_GOAL OF THE EXERCISE_:
Please write out the listing exactly, leaving each picture out.

_STORED DATA_:
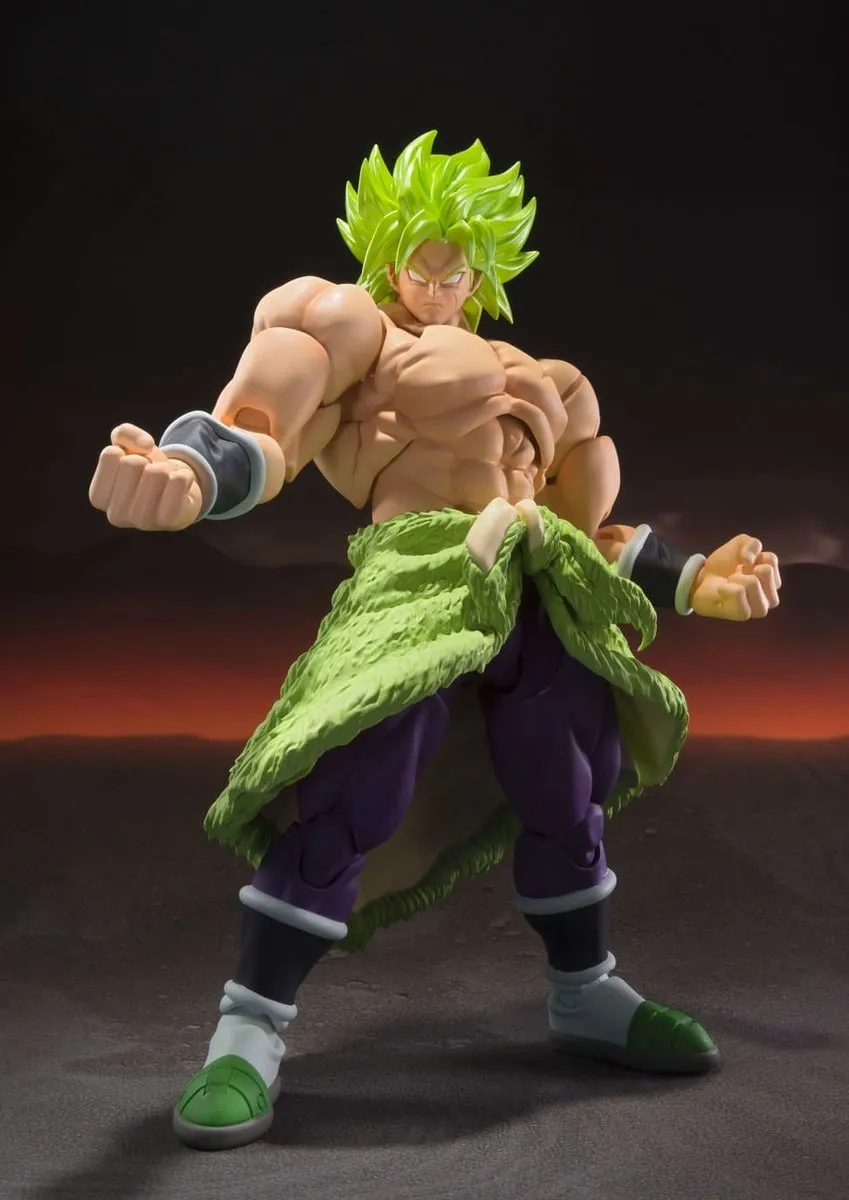 Bandai Tamashii Nations Dragon Ball Super Broly S.H. Figuarts - Staand - 22 cm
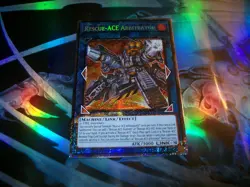 Rescue-ACE Arbitrator 1st Edition Starlight Rare BPRO-EN051 Yu-Gi-Oh! - Image 1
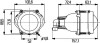 Основная фара HELLA 1BL998570001 (фото 2)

_SOLUTION FOR THIS TASK_:
 Bandai Tamashii Nations Dragon Ball Super Broly S.H. Figuarts - Staand - 22 cm
 Rescue-ACE Arbitrator 1st Edition Starlight Rare BPRO-EN051 Yu-Gi-Oh! - Image 1
 Основная фара HELLA 1BL998570001 (фото 2)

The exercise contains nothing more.